Neither Netanyahu nor Trump argues that Iran has broken the accord it signed in 2015. They believe that the deal, in its present state, is worse than nothing at all. Demonstrating that the regime in Iran has retained, and tried to closely guard, its nuclear plans, may not be incriminating, but it raises enough eyebrows to provide the White House with fresh and vividly illustrated talking points. Trump got this immediately. “Bibi is 100 percent right!” the president trumpeted after the show.
Still, Trump was not, as some reviewers have claimed, an “audience of one.” Netanyahu had other targets too, starting with Iran.
It’s no secret that Israel has been trying for decades to derail the nuclear plans of the Ayatollahs. But this campaign has largely been conducted in the dark. For the first time, Netanyahu shined a bright light on a clandestine Israeli intelligence operation — and used it to mock the enemy “That stuff I showed on TV? You don’t know what else we have; you don’t know the half of it,” he seemed to taunt. It isn’t hard to imagine the manhunt this has already set off in Iran’s nuclear community.
This is something for the Russians to ponder, too, as they work on their relationship with Tehran. As Netanyahu demonstrated, Iran is highly vulnerable to penetration. Whatever intelligence, military plans and diplomatic information the Russians share with the Islamic Republic could very well wind up in the hands of Israel, and the United States.
Netanyahu's fourth audience was the Mossad, Israel’s main intelligence agency. He lauded the operation as “one of the greatest achievement of Israel’s intelligence,” and didn’t stop there in his praise. In the recent past, Netanyahu’s efforts to confront Iran militarily were thwarted (first privately and then, after his 2005 resignation, publicly) by the former head of the Mossad, Meir Dagan. In gearing up for a fight with Iranian proxies in Syria and Lebanon, as well as the possibility of taking direct action against Tehran (a prospect Israeli Defense Minister Avigdor Lieberman raised this week) he will want to keep the Mossad well-fed and happy.

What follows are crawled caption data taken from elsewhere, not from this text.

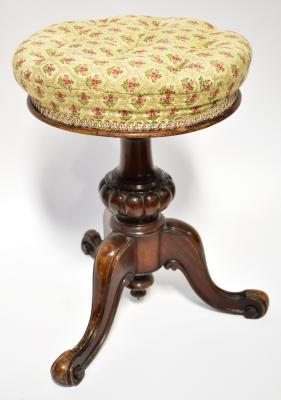 A Victorian mahogany adjustable height piano stool, with button upholstered circular seat in cream woven material with heather motif within diamond shaped borders, on turned and bulbous column to tripod cabriole legs, diameter 35cm.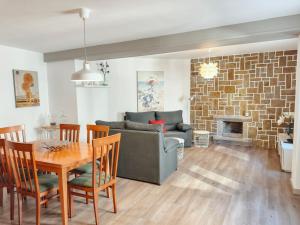 a living room with a couch and a table and a fireplace at Casa Mariñeira in Sanxenxo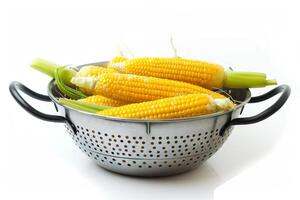 Harvested Corn on Colander for Washing Isolated on White Background photo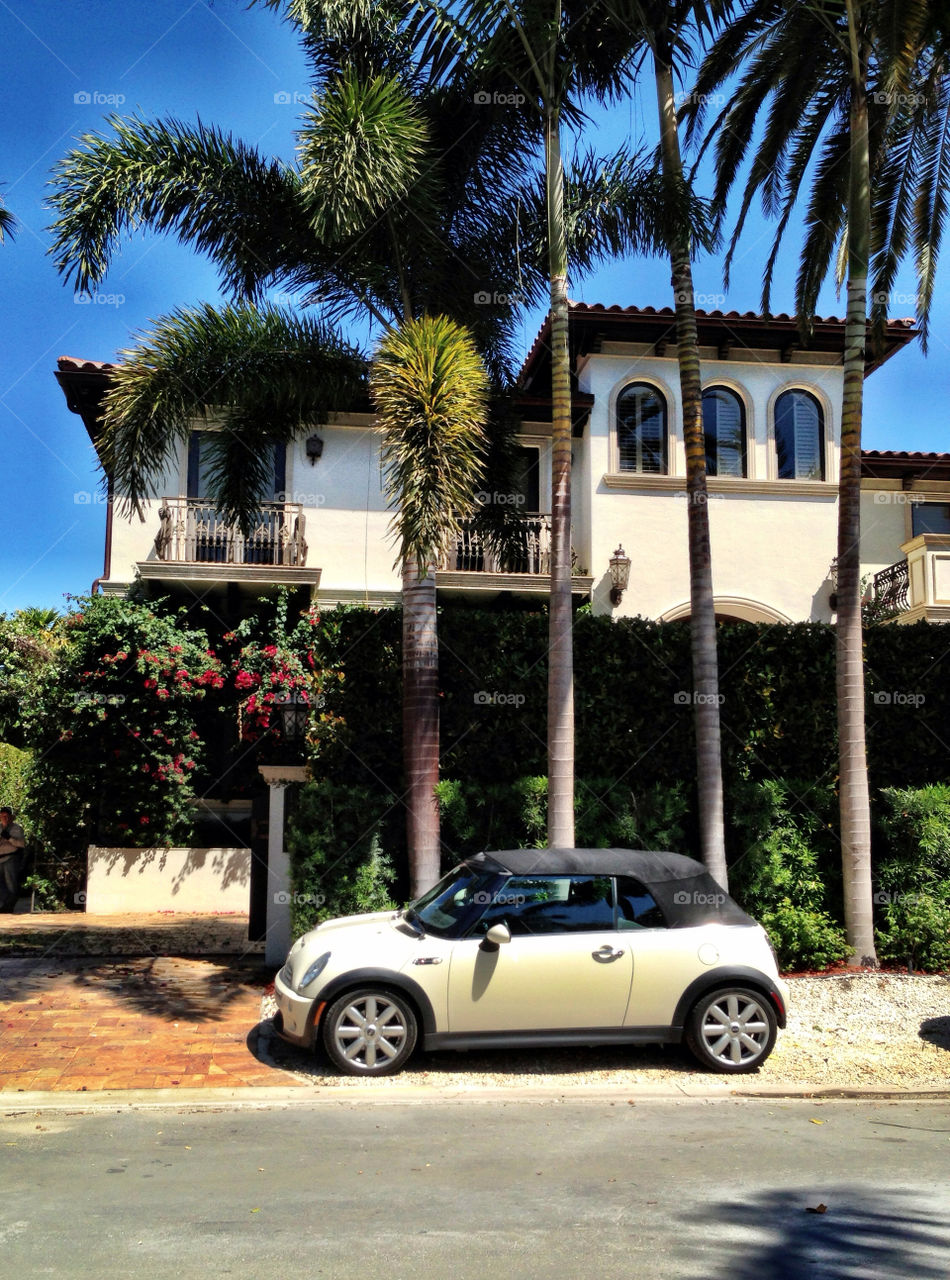 Mini Cooper car parked in front of mansion at Miami Beach, Florida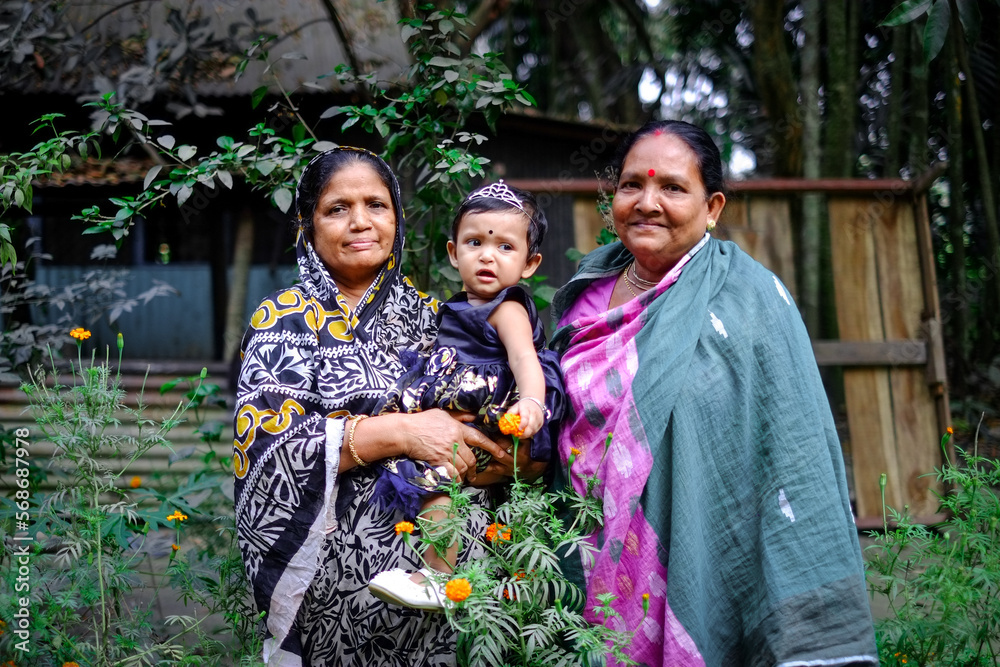 South asian grandmothers with their common granddaughter in outdoor environment within a marigold garden South asian grandmothers with their common granddaughter in outdoor environment within a marigold garden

Though Netanyahu gave his presentation in English, it would be a mistake to conclude he wasn’t also sending a message to Israelis. Netanyahu’s show preempted the news broadcasts on all three prime time new programs, assuring the whole country would be tuned in. The medium was the message; it conveyed the urgency of the information. Most Israelis were impressed: Here was our own world statesman, an MIT graduate, delivering a complicated scientific briefing not just in English, but in perfect English.

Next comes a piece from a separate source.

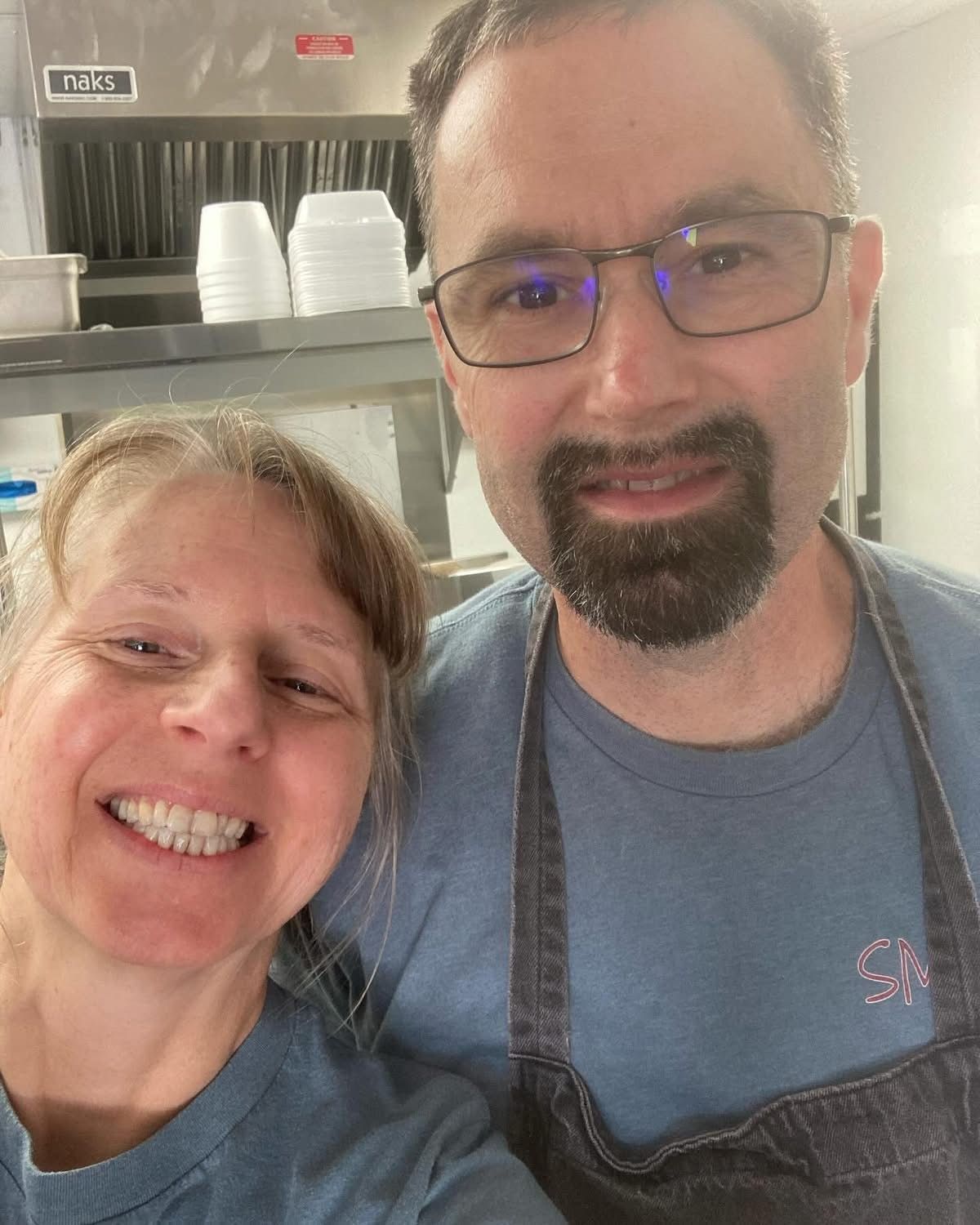 Smiling man and woman in a kitchen; man has glasses and beard.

Some local critics charged that this was the real purpose of the show. Netanyahu is under police investigation for corruption and other alleged crimes. His legal defense is that he is innocent of all charges. But, say the critics, his political defense lies in burnishing his public image as the only leader capable of defending Israeli interests and projecting Israeli influence onto the world stage. There is a fair chance that he will be indicted, in which case he would most likely call a new election. Public support isn’t an admissible legal defense, but prosecutors and judges are only human.
That cynical reading, however, misunderstands the nature of Netanyahu’s deep sense of patriotism. He genuinely fears Iranian aggression, but he isn’t going to take Israel to war out of a personal political calculation.
As things stand, Netanyahu and his center-right coalition could win a narrow victory over a rival coalition led by two center-left candidates, Yair Lapid and Avi Gabay. They are decent peacetime candidates but neither has military expertise, national security experience or a close personal and professional partnership with the president of the United States.
These virtues were on full display in Netanyahu’s performance on Monday. In other words, among the several audiences Bibi addressed on Monday, none was more important than the one in Israeli television land. It was, in political terms, reminiscent of that blockbuster commercial for Old Spice: Voters, he seemed to be saying, look at your man. Now, look at me. Judged by that metric, it was better than a smoking gun.